Thursday 26 March 2015

Dosa yang Sengaja , apakah masih bisa diampuni?

Ini adalah Hasil diskusi kelompok yang saya rangkum dalam sebuah tulisan...
Pokok Masalah  :
·        Apakah dosa yang di Sengaja setelah mengetahui kebenaran dan tidak lagi ada korban untuk menghapusnya ?

Pembahasan :
Menurut kelompok kami bahwa dosa yang di lakukan secara sengaja tidak akan ada lagi korban penghapus dosa ,kenapa kelompok kami bisa katakan begitu
·        Kita harus tahu Orang yang melakukan dosa sengaja adalah orang yang tahu kebenaran atau tidak ?
·        Kita juga harus pahami dosa yang sengaja itu seperti apa ?
·        Apa yang di maksud penulis dalam kitab ibrani sehingga ia bisa mengatakan seperti itu ?
Kelompok kami akan mulai membahasnya lebih terperinci sebagai berikut

Semua orang yang menyelidiki hidup mereka berdasarkan ajaran Yesus akan menemukan dosa.

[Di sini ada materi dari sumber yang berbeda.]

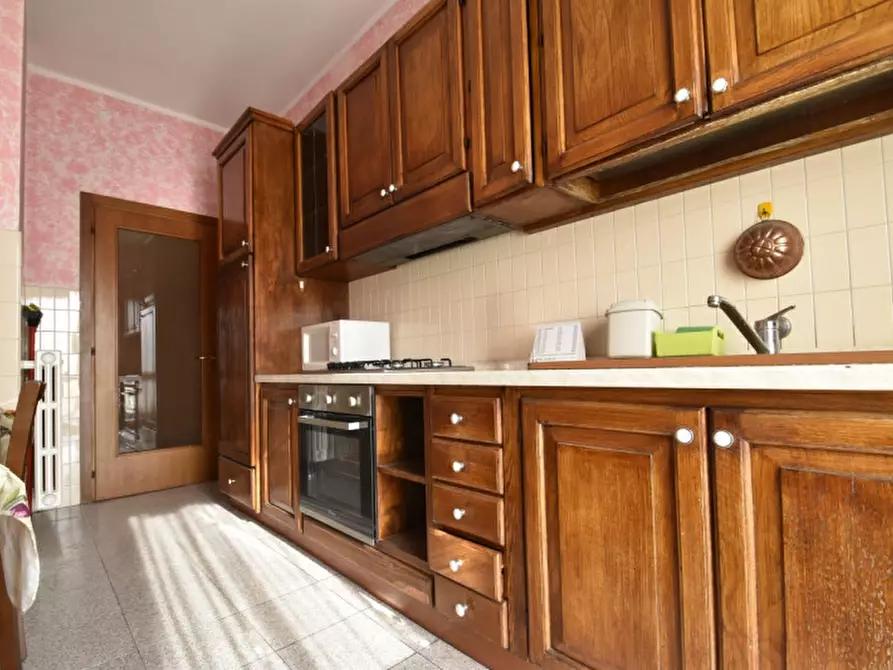 Immagine 13 di Appartamento in vendita  in Via Polveriera Vecchia 13 a Verona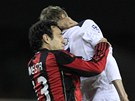 Alessandro Nesta (vlevo) z AC Mil�n v souboji s Peterem Crouchem z Tottenhamu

Mungkin dosa itu tidak sering dilakukan atau menyolok, tetapi tidak satu pun dari kita telah hidup sesuai dengan yang dinyatakan Yesus mengenai sifat Bapa. Kita juga harus mengakui bahwa sebagian dari dosa itu kita lakukan dengan sengaja. bukannya dengan sengaja ingin berbuat dosa, tetapi dalam hati kita mengetahui bahwa beberapa tindakan atau perbuatan kita itu salah (paling tidak bagi kita, mungkin juga bagi setiap orang). Meskipun demikian, kita membungkam suara hati kita dan tetap berbuat dosa. Kadang-kadang kita bahkan mungkin menyadari bahwa kita telah merencanakan dosa itu dengan teliti, atau setidaknya menyerah kepada godaan, dengan mengetahui sepenuhnya bahwa kita akan kalah (dalam hati atau pikiran).
Jika hal ini secara tepat menggambarkan keadaan manusia, maka pernyataan Ibrani 10:26 terasa sangat mengganggu. Apakah ayat tersebut membedakan antara dosa yang disengaja dan tidak disengaja seperti dalam Perjanjian Lama? Apakah ayat tersebut mengatakan bahwa ada pengampunan untuk dosa yang terjadi secara kebetulan atau tidak disengaja, tetapi tidak ada pengampunan untuk dosa yang disengaja? Dan jika itu yang terjadi, apakah kita semua yang sengaja melakukan dosa setelah pertobatan akan binasa? Jika memang demikian artinya, maka ayat di atas akan menimbulkan kengerian dan keputusasaan, bukan hanya keprihatinan.
Pokok pembahasan Kitab Ibrani, yang memandang hidup ini berdasarkan Yesus yang telah datang dan mati bagi dosa. Jika Yesus memahami kelemahan manusia dan menolong mereka yang mengalami pencobaan (Ibrani 2:17-18; 4:15), maka tidak mungkin Dia tidak memahami kegagalan kita. Demikian pula jika seseorang melakukan pelanggaran, maka tanggapan Paulus terhadapnya adalah mengarahkannya ke jalan yang benar (Galatia 6:1), meskipun dosanya cukup serius (2Korintus 2:5-11).

      
    Pokok pembahasan Kitab Ibrani akan terlihat secara paling jelas dengan mengikuti jalan pikiran penulis. Setelah mencatat pentingnya pengorbanan Kristus dalam Ibrani 10:1-18,
 Penulis mendesak para pembaca untuk mendekat kepada Allah dengan keyakinan (ayat 19-22). Hal ini diungkapkan dengan
(1) berpegang pada keyakinan yang kita miliki dalam Kristus,
 (2) saling mendorong untuk mempraktlkkan hidup yang beriman dan
 (3) bersekutu (ayat 23-25).
Lawan dari tindakan di atas adalah menarik diri dari persekutuan Kristen, tidak lagi menunjukkan iman di depan umum, dan tidak lagi berserah kepada Kristus dan berharap kepada-Nya. Dengan kata lain, lawannya adalah kemurtadan.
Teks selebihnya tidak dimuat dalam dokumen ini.